-- The records --

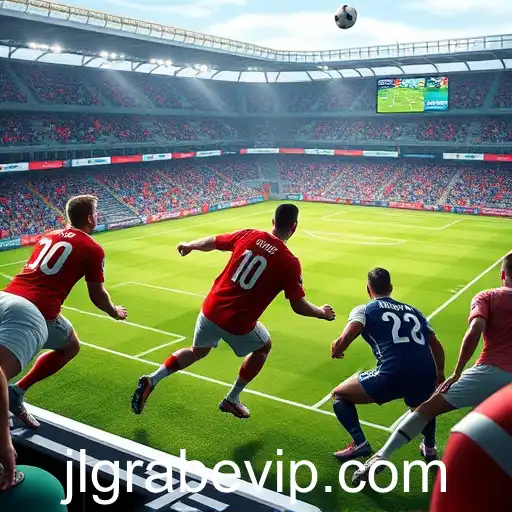 The Rise of jLgrabe: A New Path in Gaming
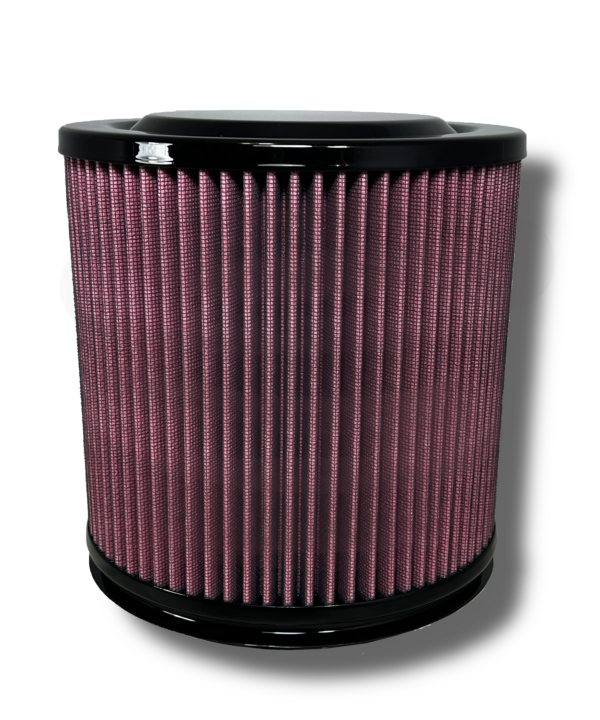CCE AIRSEP Air Filter (12Dia x 14L) Tapered -Part# 40-1058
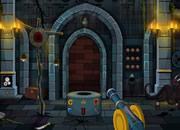 play Rescue Jack From Castle
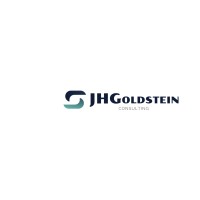 JHGoldstein Consulting Logo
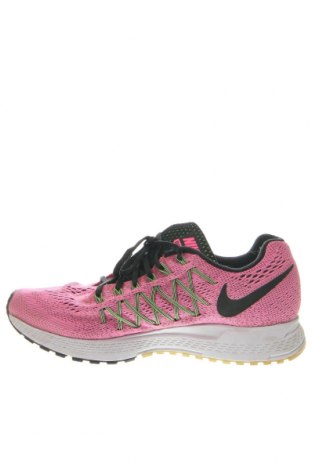 Damenschuhe Nike, Größe 41, Farbe Rosa, Preis € 45,52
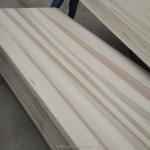 2440x1220mm Poplar Boards For Furniture Thickness 9mm-50mm Versatile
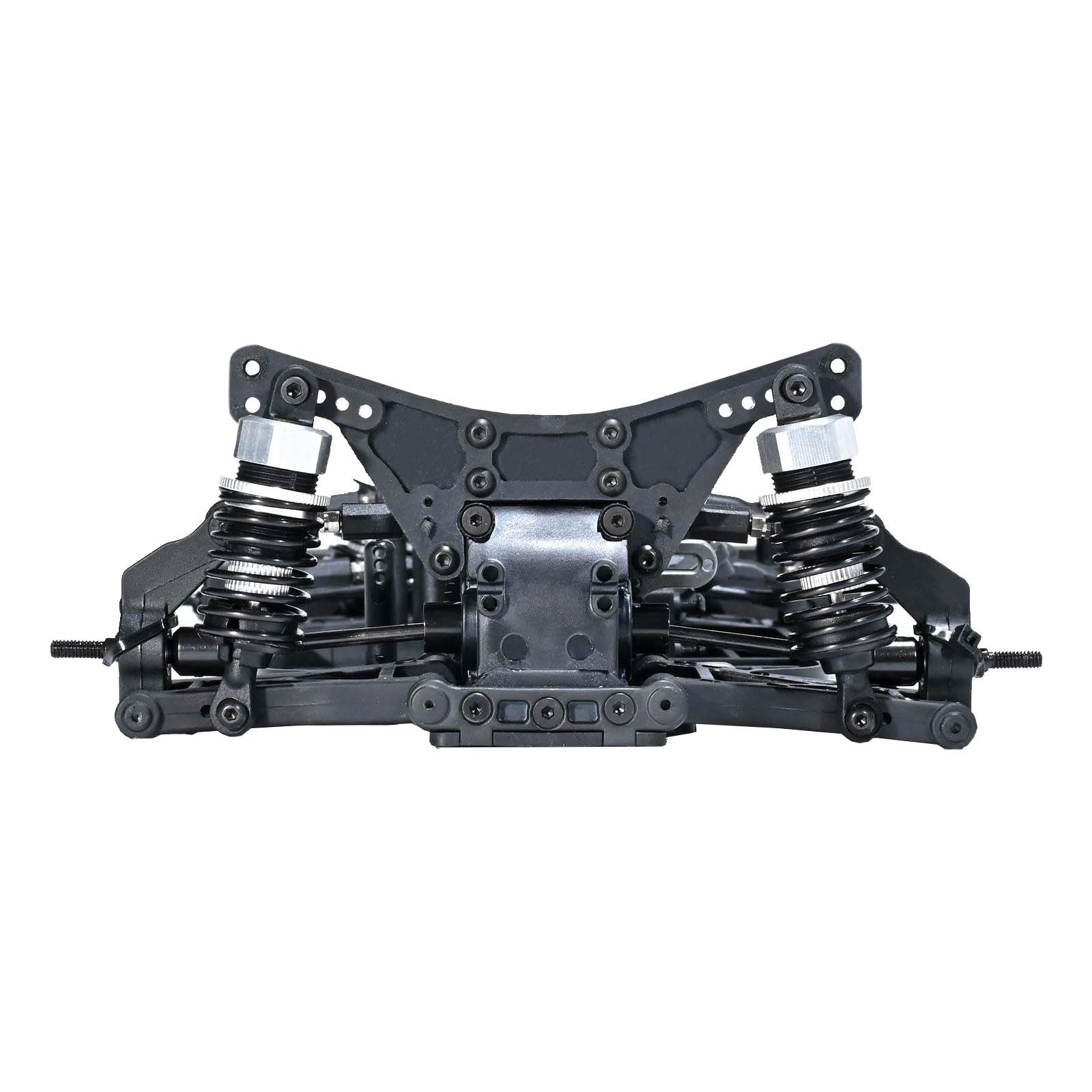 VRX Telaio 4WD On-Road 1/10 Passo 258-261 mm senza Elettronica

-- Task to carry out --
Write out the material above again, word for word, minus its pictures.

-- Response below --
 The Rise of jLgrabe: A New Path in Gaming
CCE AIRSEP Air Filter (12Dia x 14L) Tapered -Part# 40-1058
 play Rescue Jack From Castle
 JHGoldstein Consulting Logo
 Damenschuhe Nike, Größe 41, Farbe Rosa, Preis € 45,52
 2440x1220mm Poplar Boards For Furniture Thickness 9mm-50mm Versatile
 VRX Telaio 4WD On-Road 1/10 Passo 258-261 mm senza Elettronica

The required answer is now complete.